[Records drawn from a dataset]

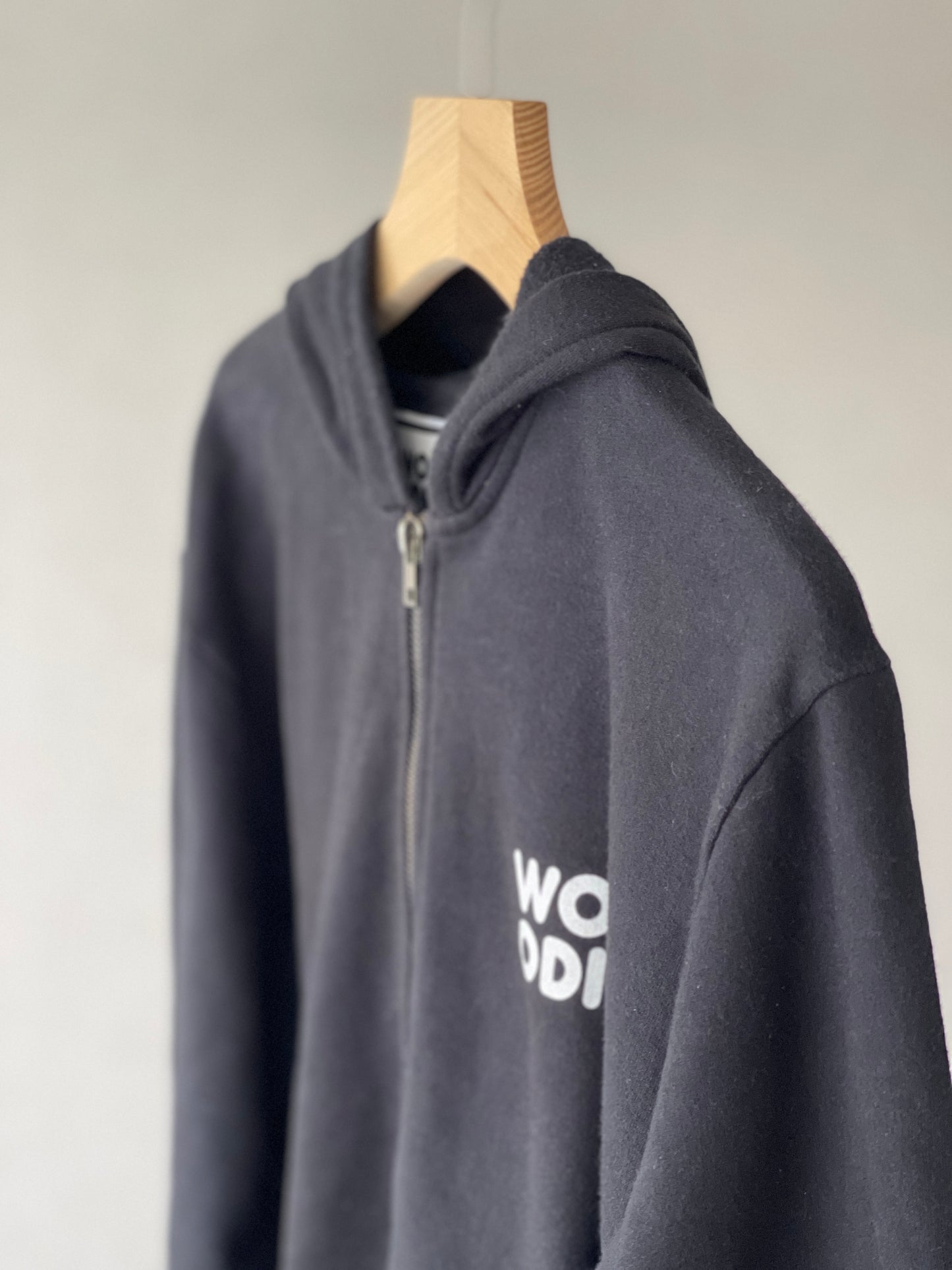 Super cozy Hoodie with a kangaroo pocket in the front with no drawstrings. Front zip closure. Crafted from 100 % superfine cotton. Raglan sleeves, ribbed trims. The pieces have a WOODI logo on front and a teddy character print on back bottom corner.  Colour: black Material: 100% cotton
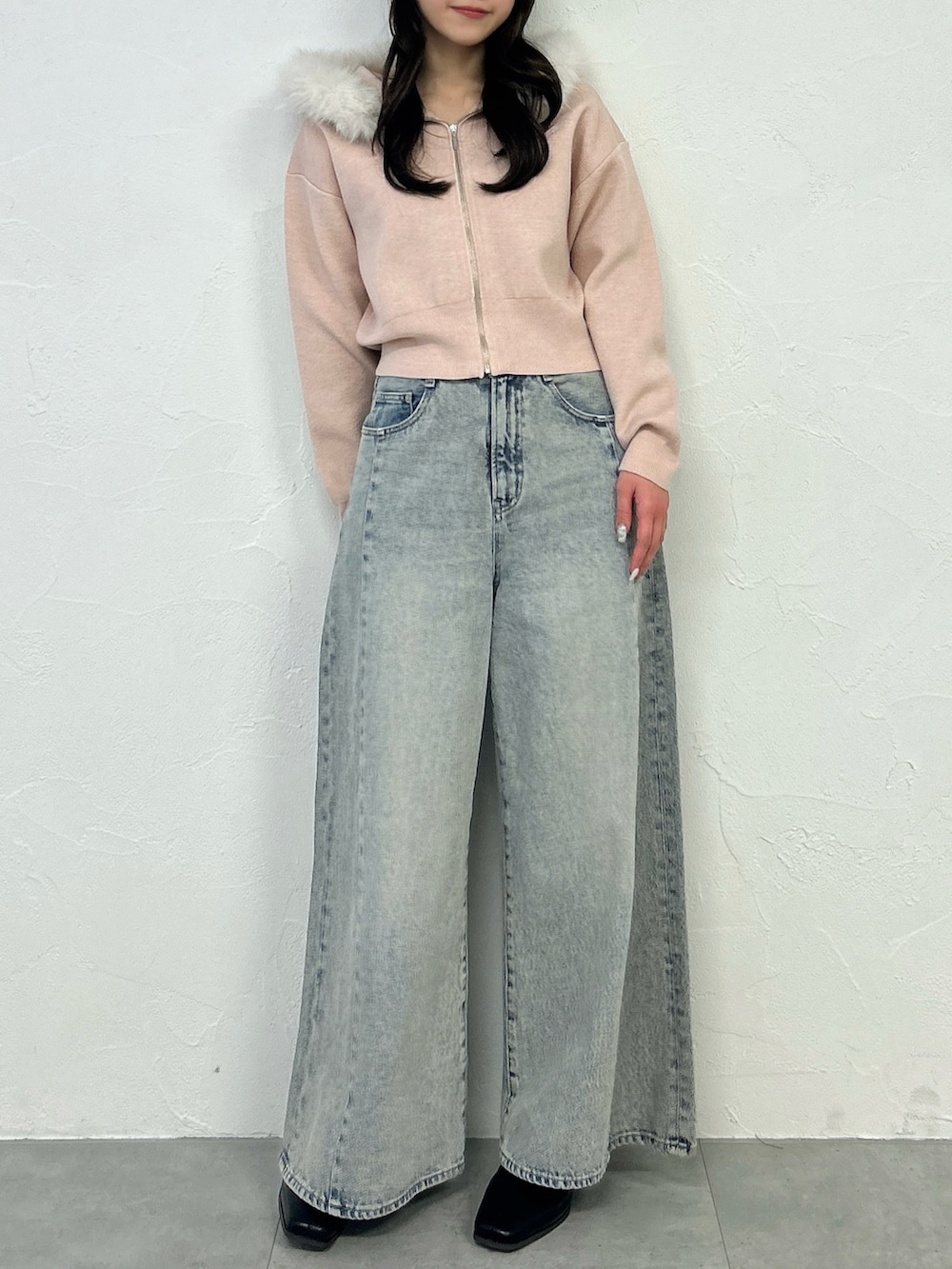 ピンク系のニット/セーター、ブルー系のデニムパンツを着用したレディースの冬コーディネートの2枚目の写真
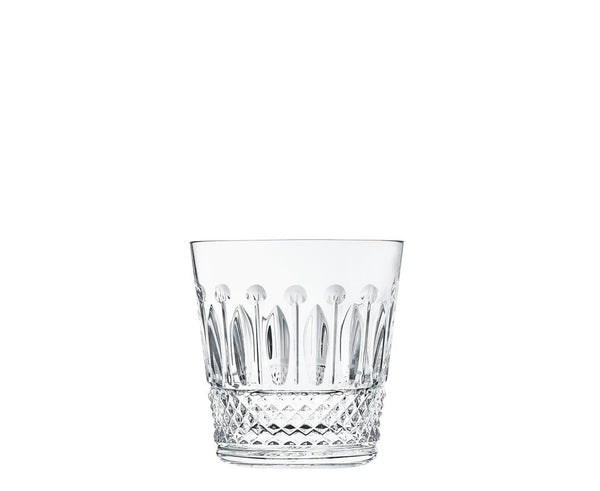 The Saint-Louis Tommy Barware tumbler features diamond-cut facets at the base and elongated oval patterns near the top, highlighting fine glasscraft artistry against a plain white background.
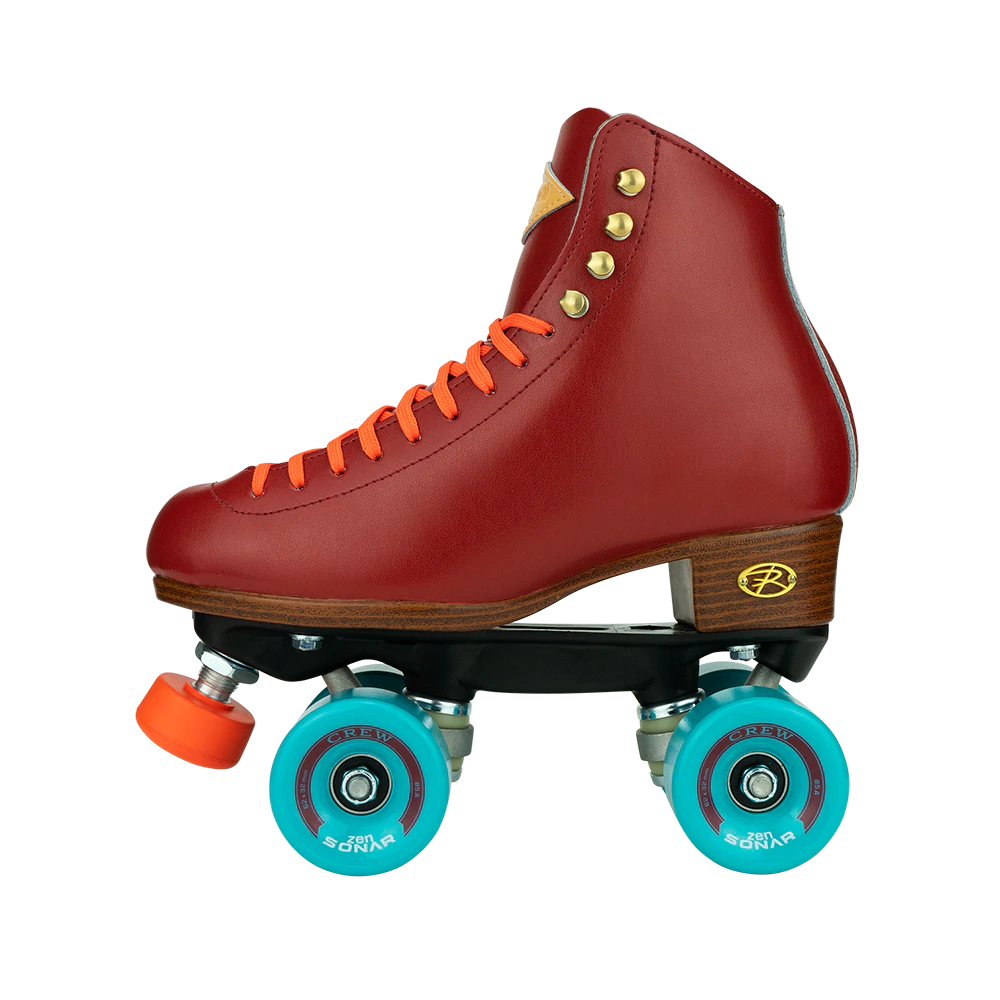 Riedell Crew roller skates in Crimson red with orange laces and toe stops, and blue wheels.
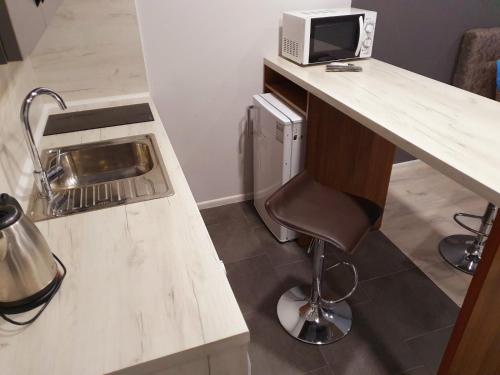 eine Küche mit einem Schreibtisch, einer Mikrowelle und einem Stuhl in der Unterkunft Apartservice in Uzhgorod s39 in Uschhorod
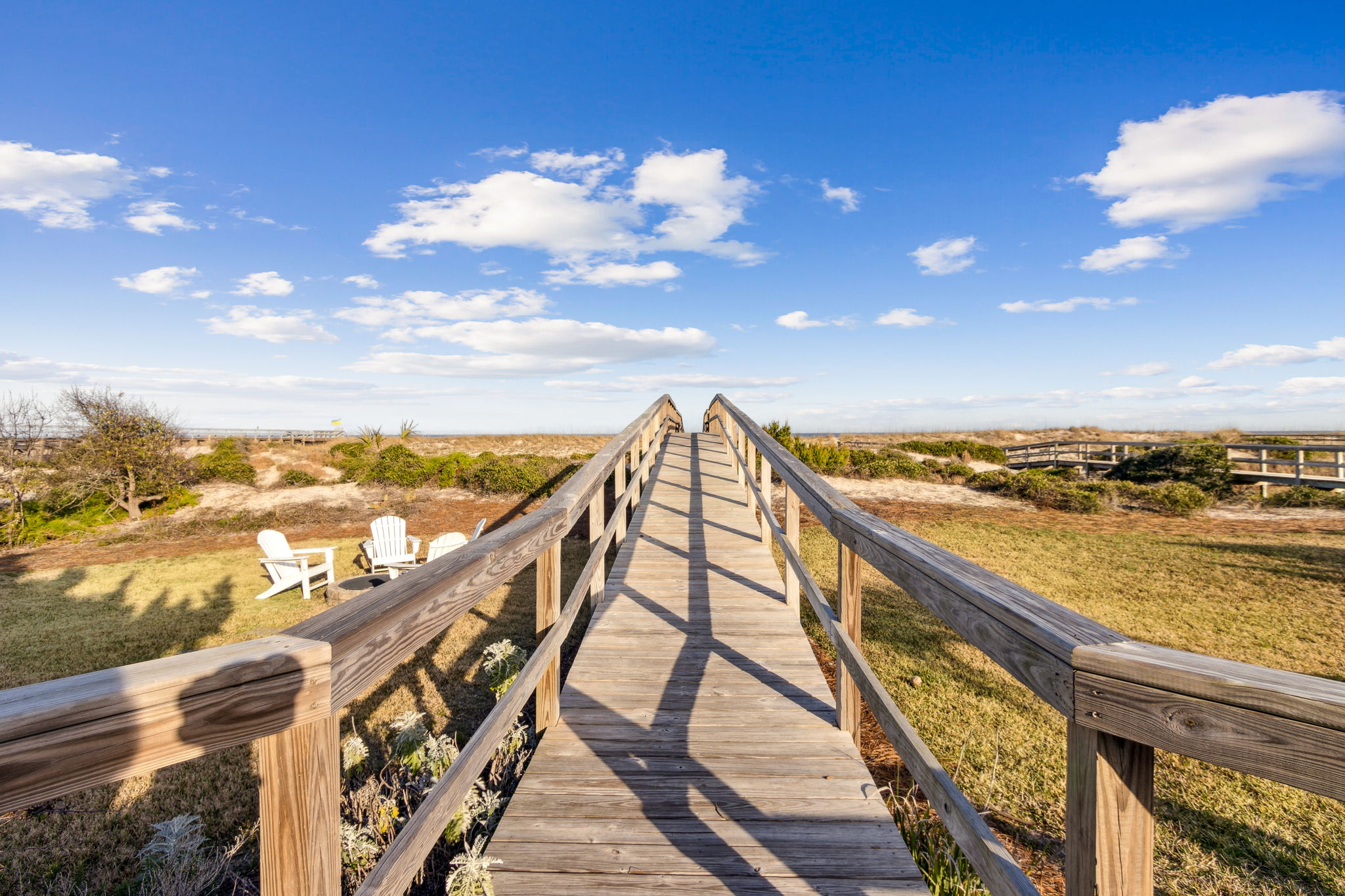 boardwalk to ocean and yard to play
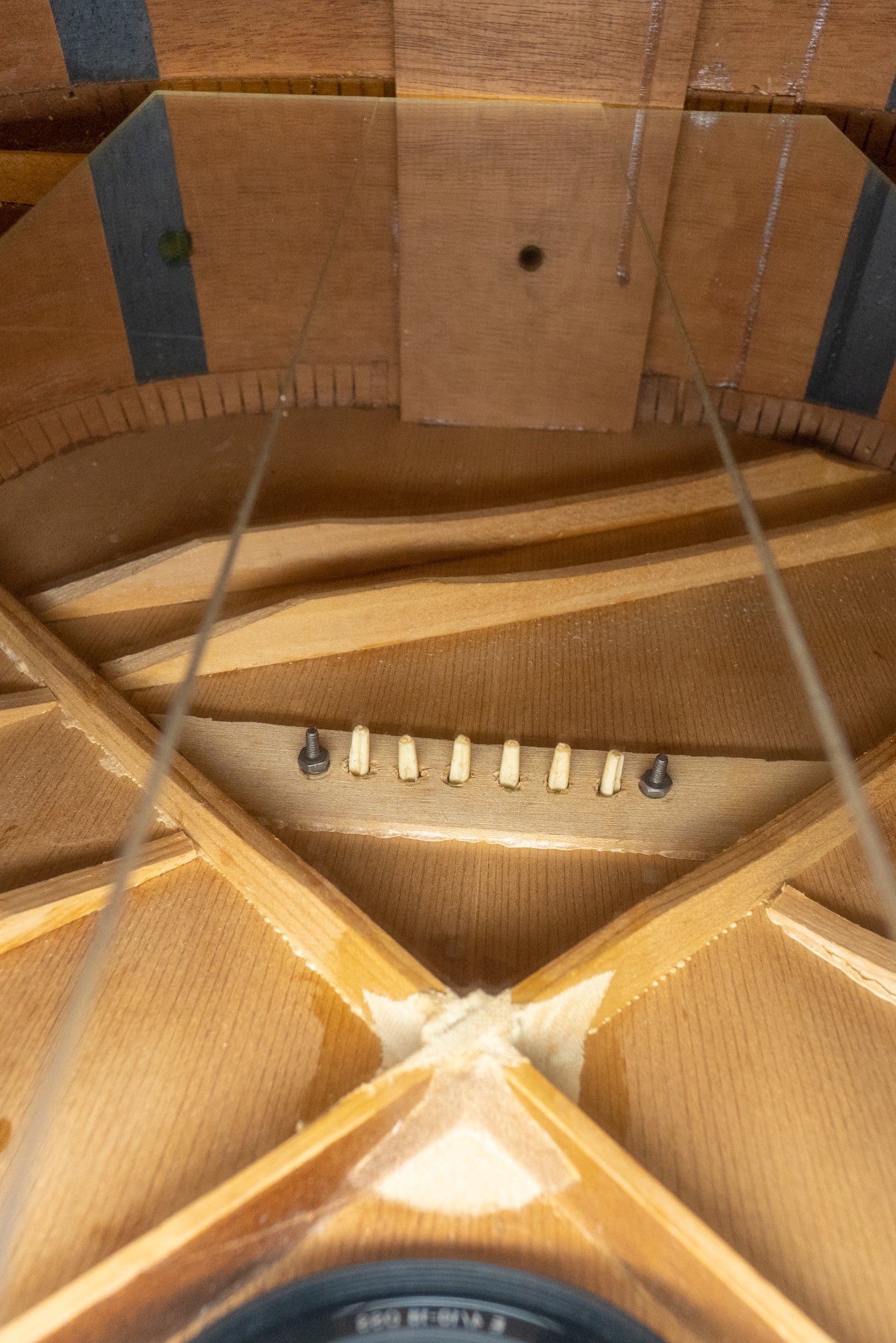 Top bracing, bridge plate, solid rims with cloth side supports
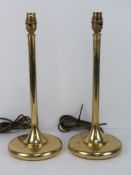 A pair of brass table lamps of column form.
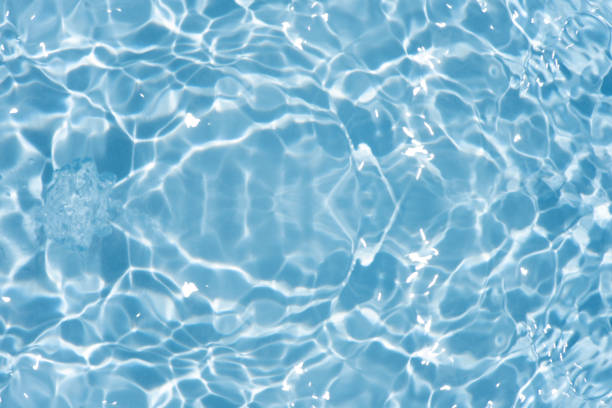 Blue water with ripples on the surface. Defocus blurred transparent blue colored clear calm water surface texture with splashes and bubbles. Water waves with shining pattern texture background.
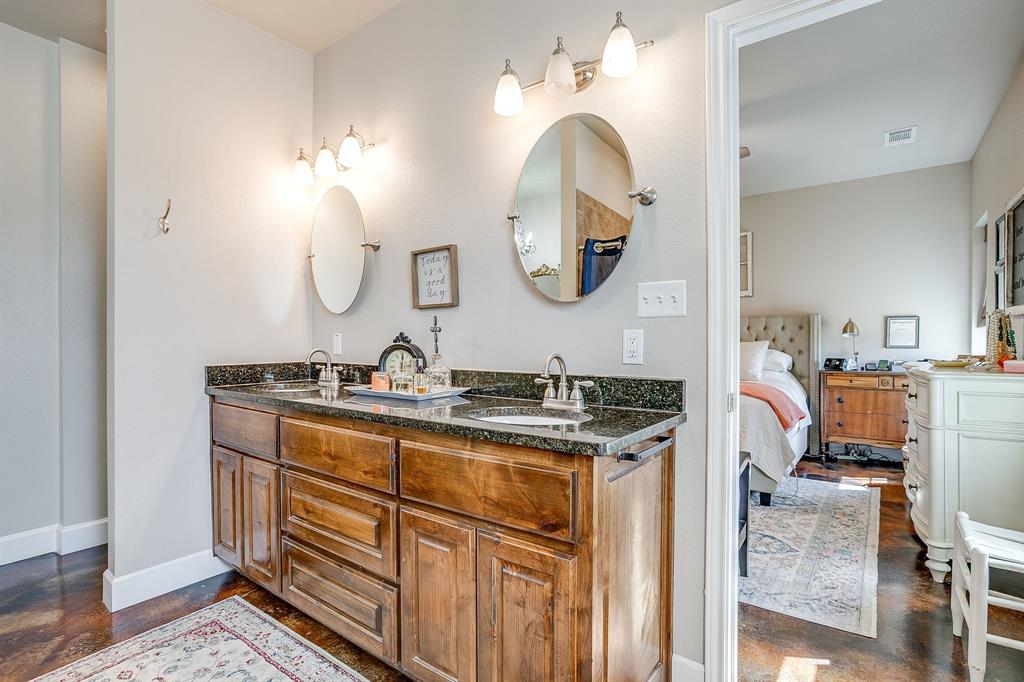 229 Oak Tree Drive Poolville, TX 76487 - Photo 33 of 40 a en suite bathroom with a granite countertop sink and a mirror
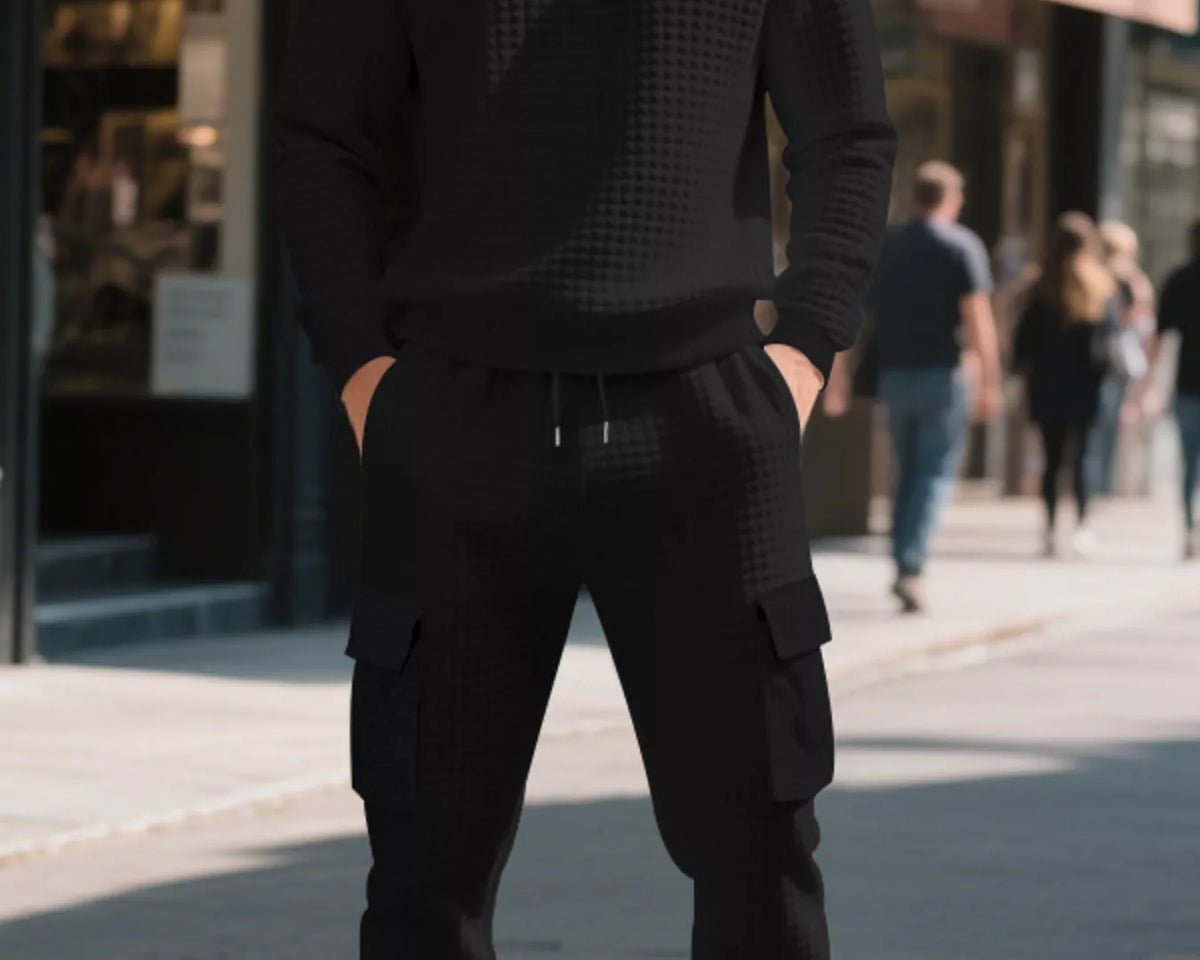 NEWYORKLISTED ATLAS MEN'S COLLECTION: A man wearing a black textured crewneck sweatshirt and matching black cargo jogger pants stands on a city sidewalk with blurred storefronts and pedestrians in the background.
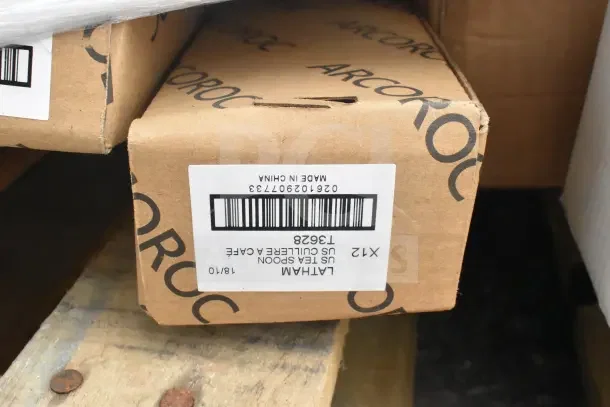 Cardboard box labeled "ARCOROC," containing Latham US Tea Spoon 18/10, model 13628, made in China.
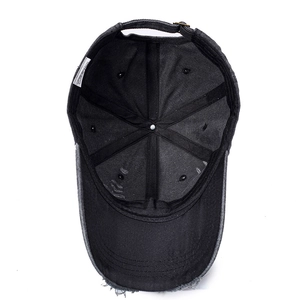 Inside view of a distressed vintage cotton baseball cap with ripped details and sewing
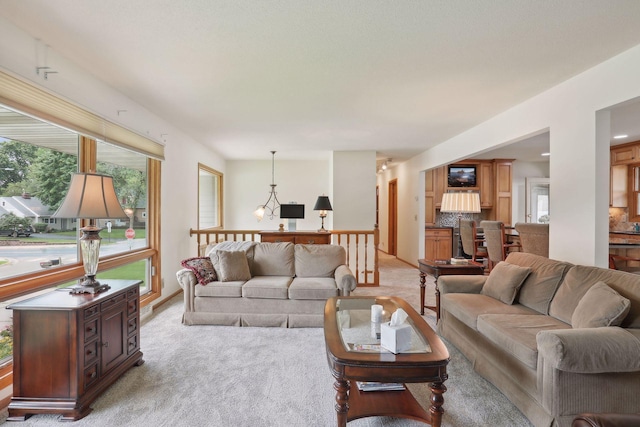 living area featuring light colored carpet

§ Activity
Which part of the entries opens with the line containing "The Saint-Louis Tommy" and closes with the line containing "boardwalk to ocean and yard to play"? Output that part exactly, ends included, pictures excluded.

§ Answer to the exercise
 The Saint-Louis Tommy Barware tumbler features diamond-cut facets at the base and elongated oval patterns near the top, highlighting fine glasscraft artistry against a plain white background.
 Riedell Crew roller skates in Crimson red with orange laces and toe stops, and blue wheels.
 eine Küche mit einem Schreibtisch, einer Mikrowelle und einem Stuhl in der Unterkunft Apartservice in Uzhgorod s39 in Uschhorod
 boardwalk to ocean and yard to play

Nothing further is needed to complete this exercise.